Авторы Нового времени часто ищут оправдания преступлениям апулеевской героини. Раннесентименталистская филиация сюжета опера Купидон и Псиша М. Кольтеллини, итальянского либреттиста и балетмейстера [152] на русской службе, — предельный случай реабилитации Психеи в XVIII в.: образ души, страдающей за преступления, заменяется образом неправедно преследуемой добродетели, рассчитывающей на вышнюю справедливость, считающей благочестие и девственность охранной грамотой, но готовой послушно принять страдания и погибель (отсвет масонско-пиетистского концепта любви к смерти).

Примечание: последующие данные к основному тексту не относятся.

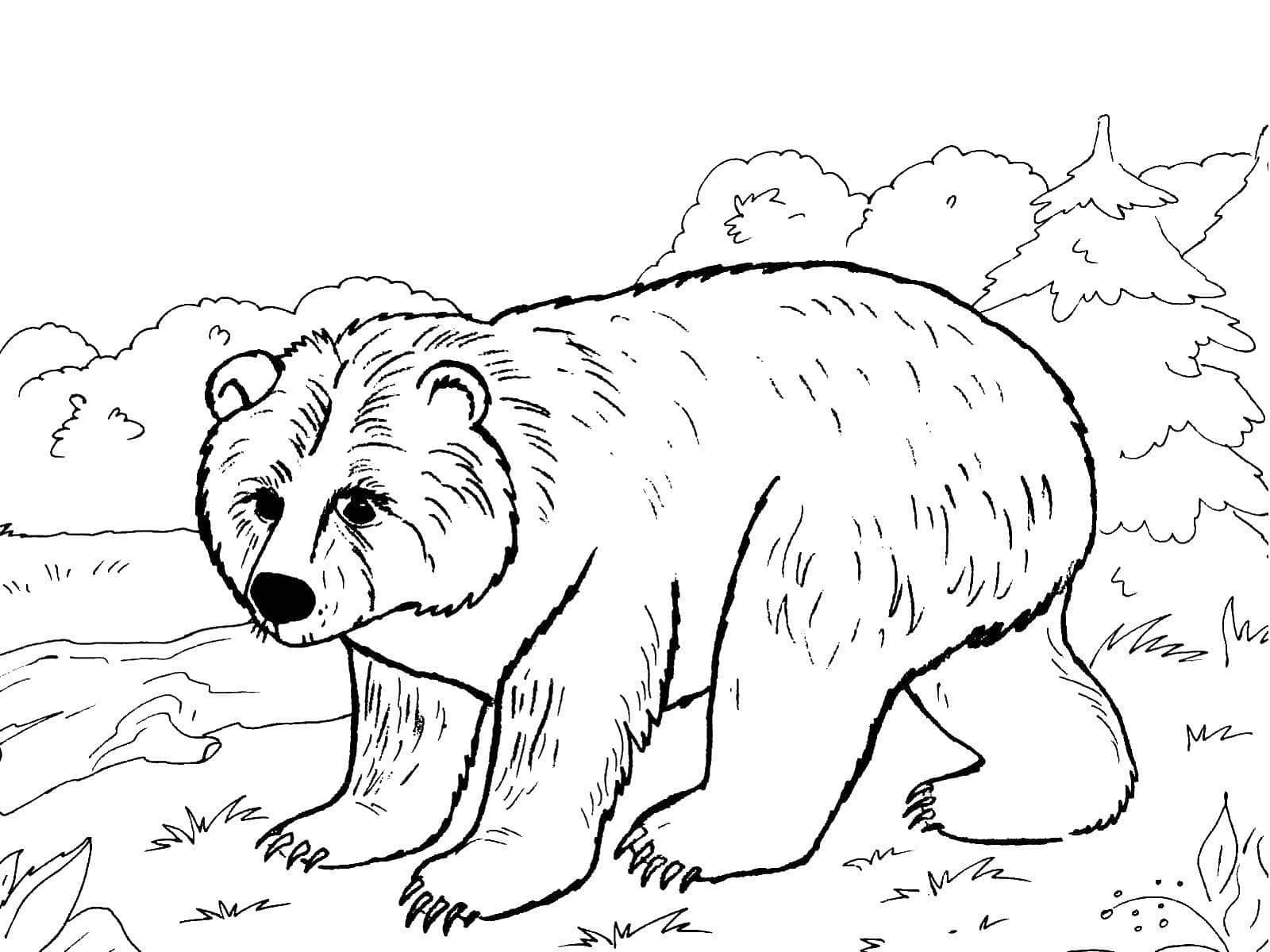 Медведь дикое животное рисунок фото
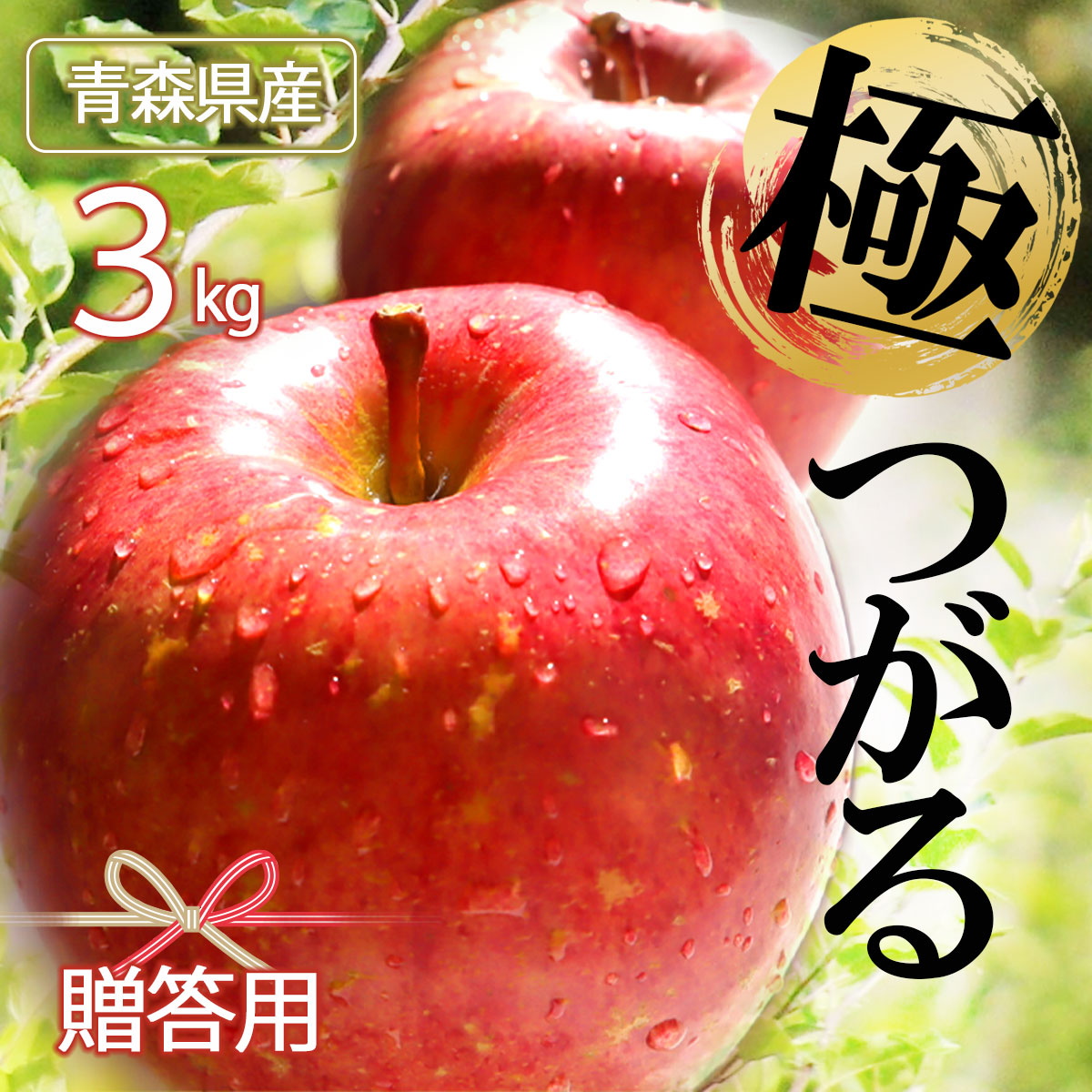 市場 先行予約 りんご リンゴ 数量限定 贈答用 送料無料 青森県産りんご 2022年産 ringo 9月上旬発送 林檎 秀品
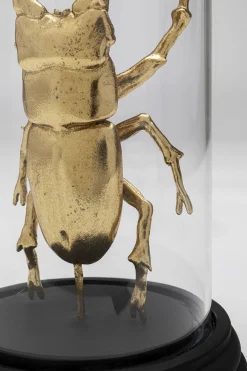 Obiekt dekoracyjny Bell Jar Hercules Beetle 20cm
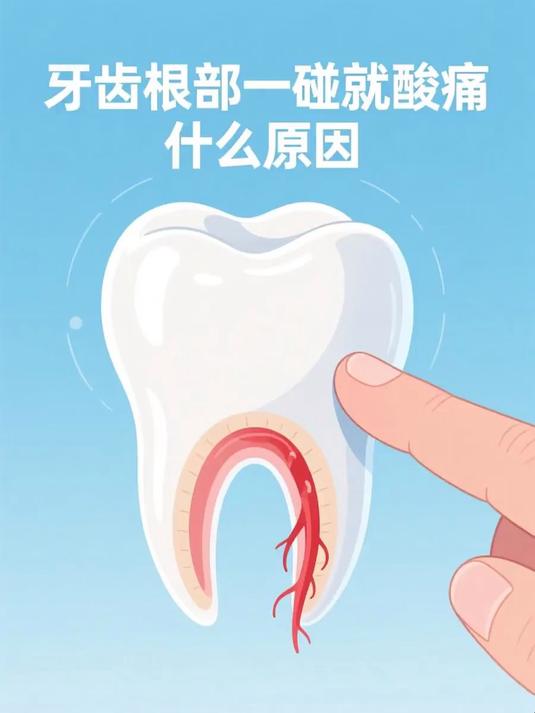#马上健康过大年#牙齿根部一碰就酸痛什么原因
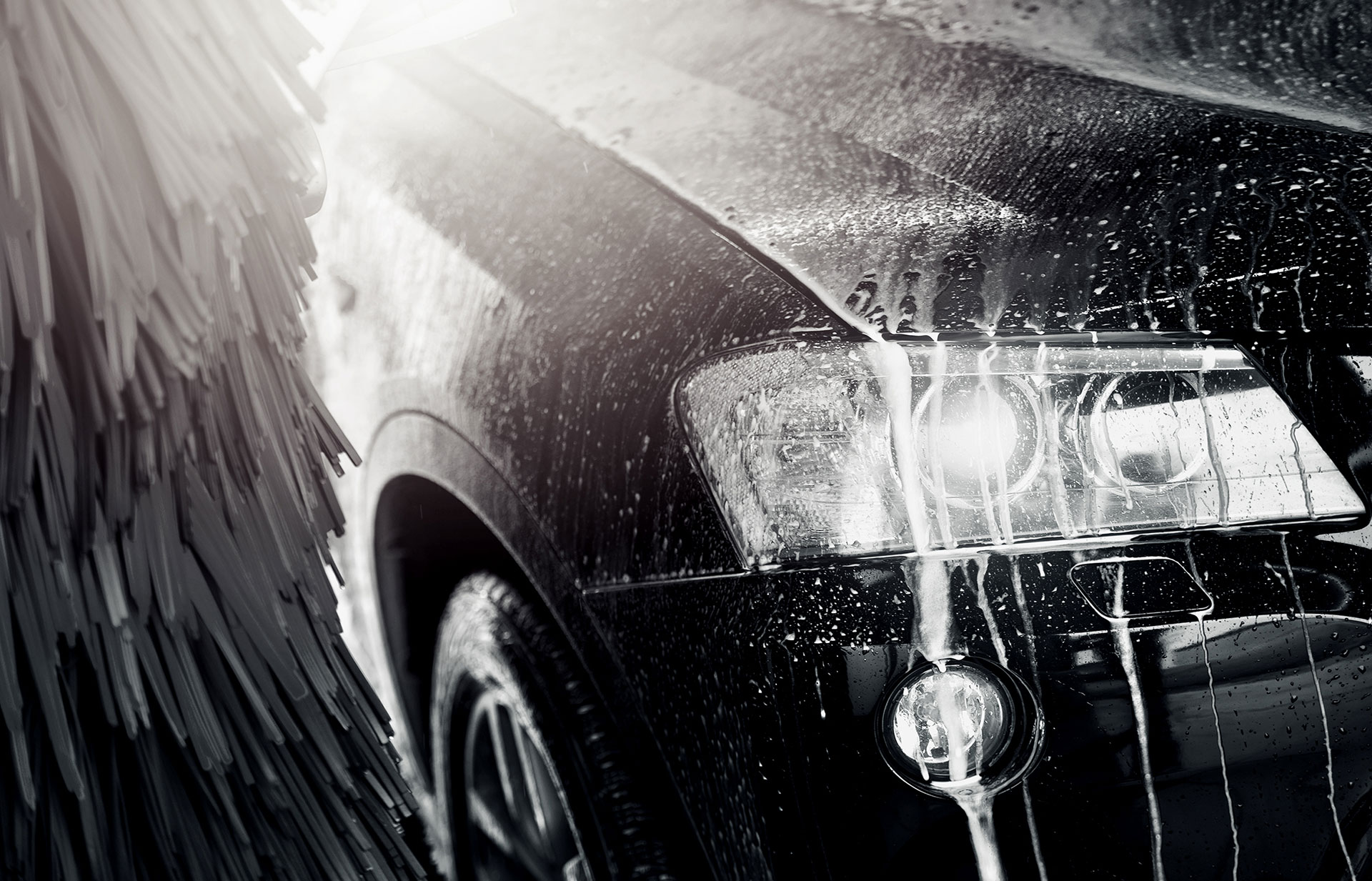 Carwashing at Velocity Carwash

Конфликт богов и людей составляет маловажный фон разыгранного на сцене конфликта богов; дело людей в нем — принимать милости и терпеть гонения. Мотив всеобщего преклонения перед Психеей выведен за сцену (толпы домогающихся благосклонности любовников — сомнительное окружение для героини, невинность которой постоянно подчеркивается); ответственность за месть Венеры переложена на Купидона, устроившего в Книде посвященный Психее храм. Сюжетные функции сестер Психеи переданы Венере, которая кроме того выступает здесь в трагедийном амплуа отравителя (ср. эволюция мотива отравления в Душеньке, 1799. С. 142-3). Чрезвычайно расширена роль отца Психеи. Причина его высокого сюжетного статуса, м. б., — в необходимости усилить идею семейной добродетели (популярную в сентиментализме): мотив скорого забвения родителей (ср. Ap.: V, 4), дискредитировал бы героиню, поставив под сомнение ее virtщ, приобретающую здесь почти христианское качество.

В отличие от Сен-Фуа и Кольтеллини Богданович опасается, как бы не перегрузить повесть философией: редуцирует платоновские смыслы сюжета, заключает в подтекст масонскую символику, изымает философские диалоги, помещая на их место эротические образы.